[llvm-dev] [RFC] Introducing a byte type to LLVM

Fri Jun 4 08:24:11 PDT 2021

Hi all,

Together with Nuno Lopes and Juneyoung Lee we propose to add a new byte
type to LLVM to fix miscompilations due to load type punning. Please see
the proposal below. It would be great to hear the
feedback/comments/suggestions!

Motivation
==========

char and unsigned char are considered to be universal holders in C. They
can access raw memory and are used to implement memcpy. i8 is the LLVM’s
counterpart but it does not have such semantics, which is also not
desirable as it would disable many optimizations.

We therefore propose to introduce a new byte type that would have a raw-memory
access semantics and can be differentiated from i8. This can help to fix
unsound optimizations and make the lowering of char, unsigned char or
std::byte correct. Currently, we denote the byte type as b<N>, where N is
the number of bits.

In our semantics, byte type carries provenance and copying bytes does not
escape pointers, thereby benefiting alias analysis.

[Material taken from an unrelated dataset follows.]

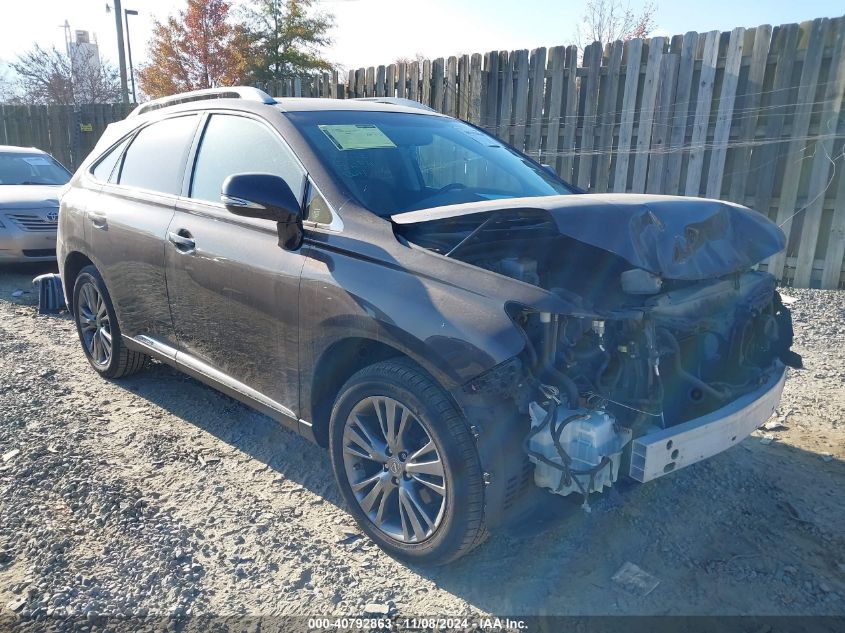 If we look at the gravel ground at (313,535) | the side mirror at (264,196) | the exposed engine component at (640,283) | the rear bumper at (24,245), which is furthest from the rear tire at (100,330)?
the rear bumper at (24,245)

If the memory contains
poison bits, then the result of loading a byte from it is bitwise poison.

Benefits
========

The small calls to memcpy and memmove that are transformed by Instcombine
into integer load/store pairs would be correctly transformed into the
loads/stores of the new byte type no matter what underlying value is being
copied (integral value or a pointer value).

   1.

   The new byte type solves the problem of copying the padded data, with no
   contamination of the loaded value due to poison bits of the padding.
   2.

   When copying pointers as bytes implicit pointer-to-integer casts are
   avoided.The current setting of performing a memcpy using i8s leads to
   miscompilations (example: bug report 37469
   <https://bugs.llvm.org/show_bug.cgi?id=37469>) and is bad for alias
   analysis.

Lowering of char, unsigned char and std::byte

======================================

For any function that takes char, unsigned char or std::byte as arguments,
we lower these to the b8 instead of i8. The motivation comes from the fact
that any pointer can be explicitly copied in bytes, and each byte can be
passed as an argument to the copying function. Since a copy like that can
escape a pointer, we need to generate the byte type to avoid the issue.

Example

void foo(unsigned char arg1, char arg2) {...}

            =>

void @foo(zeroext b8 %arg1, signext b8 %arg2) {...}

std::byte is defined as enum class byte : unsigned char {} and therefore
all bitwise operations over it can be lowered equivalently to operations on
unsigned char (operation is performed over zero-extended to i32 operands,
and the result is truncated back).

==============================

Byte Type Semantics (Version 1)

==============================

[allowed] alloca/load/store

=====================

The byte type is allowed to be allocated, stored and loaded. No semantic
changes needed.

[allowed] zext/sext/trunc

====================

In order to easily adapt the current replacement of i8 with b8, we want to
extend zext/sext/trunc instructions’ semantics to allow the first operand
as a byte type as well. This will reduce the number of instructions needed
for the cast.

Example

trunc i32 %int to b8

zext i8 %char to b32

[modified] bitcast

==============

We modify the semantics of the bitcast to allow casts from and to the byte
types. If the byte has a value of the same kind (integral or a pointer) as
the other type, then the bitcast is a noop. Otherwise, the result is poison.

Example

bitcast i<N> %val to b<N>

bitcast i<N>* %val to b64

bitcast b<N> %byte to i<N>     [byte has an integral value => noop]

[new] bytecast

============

During IR generation, we cannot deduce whether the byte value contains a
pointer or an integral value, and therefore we cannot create a bitcast.

Example

int @cast(char c) { return (int) c; }

Current

Proposed

i32 @cast(i8 signext %c) {

  %1 = alloca i8, align 1

  store i8 %c, i8* %1, align 1

  %2 = load i8, i8* %1, align 1

  %3 = sext i8 %2 to i32

  ret i32 %3

}

i32 @cast(b8 %c) {

  %1 = alloca b8

  store b8 %c, b8* %11

  %2 = load b8, b8* %1

  %3 =    ?    b8 %2 to i32

  ret i32 %3

}

In this example, the operation  ?  can be sext (b8 is i8) or can be
ptrtoint if the byte has a pointer value.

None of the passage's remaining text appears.